━━━ Dataset content

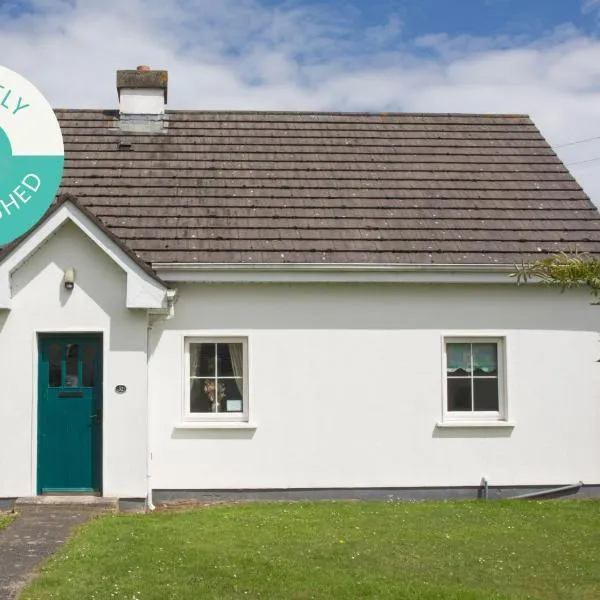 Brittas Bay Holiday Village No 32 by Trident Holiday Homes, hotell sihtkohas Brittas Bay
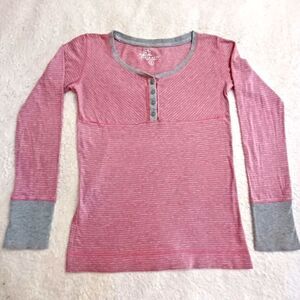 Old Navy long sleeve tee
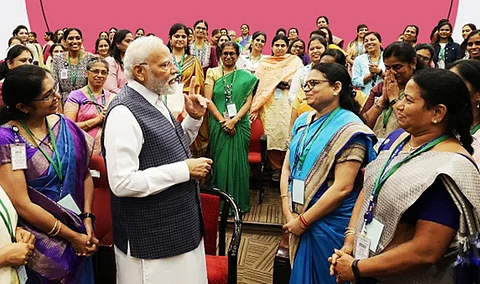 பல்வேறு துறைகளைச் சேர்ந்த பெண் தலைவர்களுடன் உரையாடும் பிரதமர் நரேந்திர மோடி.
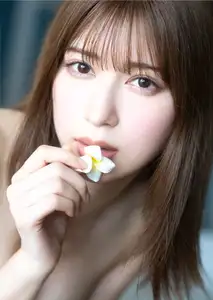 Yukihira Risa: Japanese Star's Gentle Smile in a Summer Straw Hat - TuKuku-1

━━━━━━

→ Exercise details
Give back all the data exactly, minus pictures.

→ Response box
 Brittas Bay Holiday Village No 32 by Trident Holiday Homes, hotell sihtkohas Brittas Bay
 Old Navy long sleeve tee
 பல்வேறு துறைகளைச் சேர்ந்த பெண் தலைவர்களுடன் உரையாடும் பிரதமர் நரேந்திர மோடி.
 Yukihira Risa: Japanese Star's Gentle Smile in a Summer Straw Hat - TuKuku-1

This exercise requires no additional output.